Der süddeutsche Milliardär Würth darf ungeniert in der Öffentlichkeit die Steuerquote nennen, die zu bezahlen er gewillt wäre: ein Prozent. Was mehr ist, ist von Übel und muss durch Republikflucht geahndet werden. Kein Kommentar nirgendwo. Ein Reicher erdreistet sich, an der Demokratie vorbei bestimmen zu wollen, wie man Auserwählte zu besteuern hat.

In den Etagen der Wirtschaftsführer herrscht grenzenlose Verachtung der Demokratie, die man als Staat denunziert, der sich aus den Angelegenheiten der Alleshabenwollenden gefälligst raushalten soll.

Nicht nur in Portugal, auch bei uns gibt’s einen Paragrafen des Widerstands:

„Das in Art. 20 Abs. 4 GG gewährte Recht zum Widerstand ist Bestandteil der freiheitlichen demokratischen Grundordnung der Bundesrepublik Deutschland und gilt als grundrechtsgleiches Recht Dieses Recht – 1968 im Zuge der Notstands-Gesetzgebung eingefügt – lautet in seinem Verfassungstext: „Gegen jeden, der es unternimmt, diese Ordnung zu beseitigen, haben alle Deutschen das Recht zum Widerstand, wenn andere Abhilfe nicht möglich ist.“ Voraussetzung ist, dass ein staatliches Organ oder auch ein Privater es unternimmt, die in Art. 20 Abs. 1 bis 3 GG verankerte verfassungsrechtliche Ordnung zu beseitigen, soweit diese Ordnung gemäß Art. 79 Abs. 3 GG unabänderlich ist.“

Die genannte Voraussetzung zum Recht des Widerstands ist längst eingetreten. Die eigenmächtige Ökonomie hat den Konsens einer demokratischen Grundordnung ausgehebelt und scheut sich nicht, in aller Öffentlichkeit den Staat weiterhin unterminieren und ramponieren zu wollen. Das ist eine fundamentalistische Attacke gegen das Grundgesetz, dessen Prinzipien unantastbar sein sollten.

Hinter den Dauerattacken gegen den „Staat“ verbergen sich Putschkräfte gegen die Demokratie. Die 1% Elite will sich von 99% Pöbel nichts mehr vorschreiben lassen. Der Pöbel soll sich um die Straßenverkehrsordnung und die Müllabfuhr kümmern. Wenn‘s um die Tresore geht, soll er seine ungewaschenen Pfoten weglassen.

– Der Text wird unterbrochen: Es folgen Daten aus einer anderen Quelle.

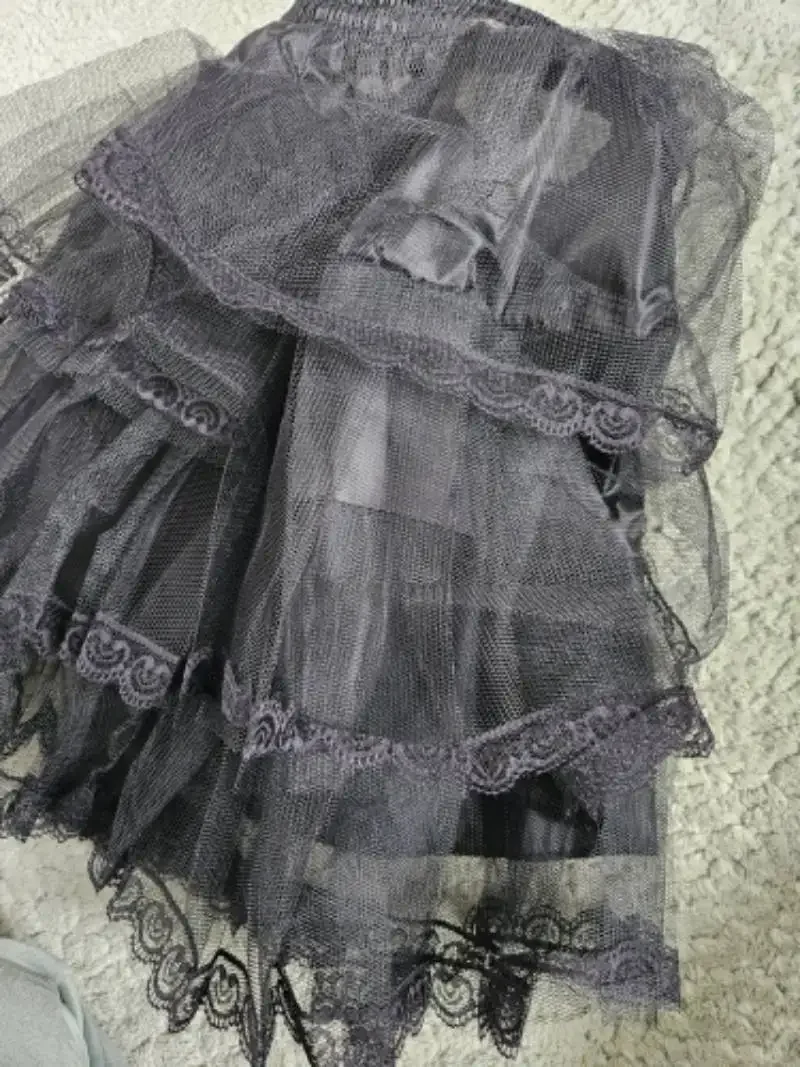 

3-Layered Gothic Layered Ruffled Luxury Vintage Rockabilly Petticoat Crinoline Underskirt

Im Zusammenhang mit der Wiederkehr der Religion wird der Staat immer mehr zur Horde minderwertiger Kreaturen – civitas diaboli –, während die Ökonomie sich immer mehr zur civitas dei aufschwingt. Hand in Hand mit schlichten Päpsten, die mit Füßewaschen die Armut besiegen wollen.

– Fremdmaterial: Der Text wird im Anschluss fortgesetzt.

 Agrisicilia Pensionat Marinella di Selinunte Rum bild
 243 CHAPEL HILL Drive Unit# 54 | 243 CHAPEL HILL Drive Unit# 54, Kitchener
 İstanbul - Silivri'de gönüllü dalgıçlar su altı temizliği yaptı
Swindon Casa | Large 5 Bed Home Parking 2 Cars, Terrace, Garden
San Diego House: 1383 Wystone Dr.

Wie weit die Ablehnung der Demokratie schon gediehen ist, zeigt ein SPIEGEL-Artikel über eine illustre Ökonomen-Konferenz in Hongkong mit vielen Wirtschafts-Nobelpreisträgern. Daniel Bell, kanadischer Philosoph, erklärte dort: „Ich glaube nicht länger daran, dass Demokratie in der Form ‚Eine Person – eine Stimme‘ der beste Weg ist, um ein politisches System zu organisieren.“

Bell, inspiriert von konfuzianischen Lehren, plädiert für eine Auslese der politischen Führungselite nach intellektuellen Fähigkeiten und moralischen Standards. Ein System, das er in der Kommunistischen Partei Chinas (KPC) zwar nicht perfekt, aber doch in Ansätzen verwirklicht sieht. Die Begriffe Menschenrechte und Rechtsstaatlichkeit erwähnt Bell kein einziges Mal.“

Über seinen Sinneswandel erklärt der Kanadier: „Vor 20 Jahren hätte ich mich ziemlich aufgeregt, jemanden wie mich reden zu hören.“ Von Wahlen hält Bell nichts mehr – außer auf lokal unbedeutender Ebene.

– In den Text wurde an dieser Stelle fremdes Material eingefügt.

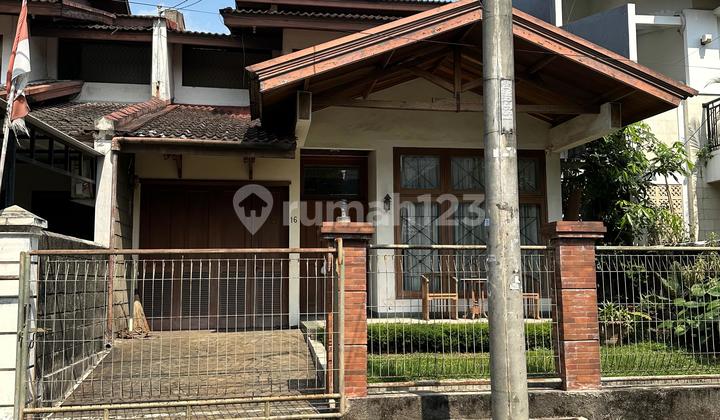 RUMAH HITUNG TANAH DALAM KOMPLEK LEBAK BULUS DEKAT ST.MRT DAN TOL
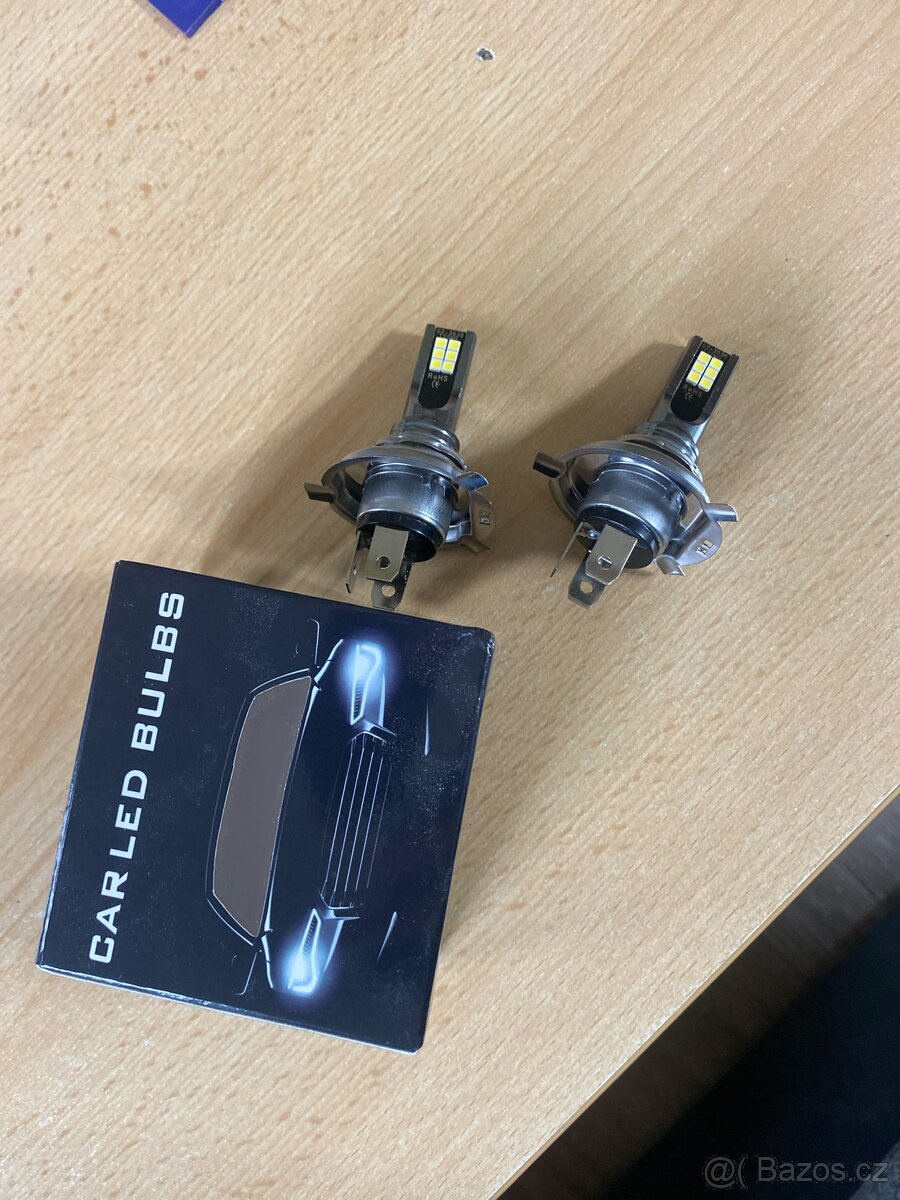 LED H4 žárovky - 2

Bells Vorschläge sind identisch mit denen von Platon, der – nach Popper – den europäischen Urfaschismus erfunden hat. „Klingt nach Provokation und provoziert hier niemanden“. (Christian Rickens im SPIEGEL)

Das Grundgesetz ist in Gefahr. Die Pflicht jedes Demokraten ist es, den Machenschaften eines kapitalistisch unterwanderten Staates mit List und Hartnäckigkeit zu widerstehen.

Wenn der europäische Staatenbund zerfällt, wird die deutsche Demokratie zum Gebeinhaus.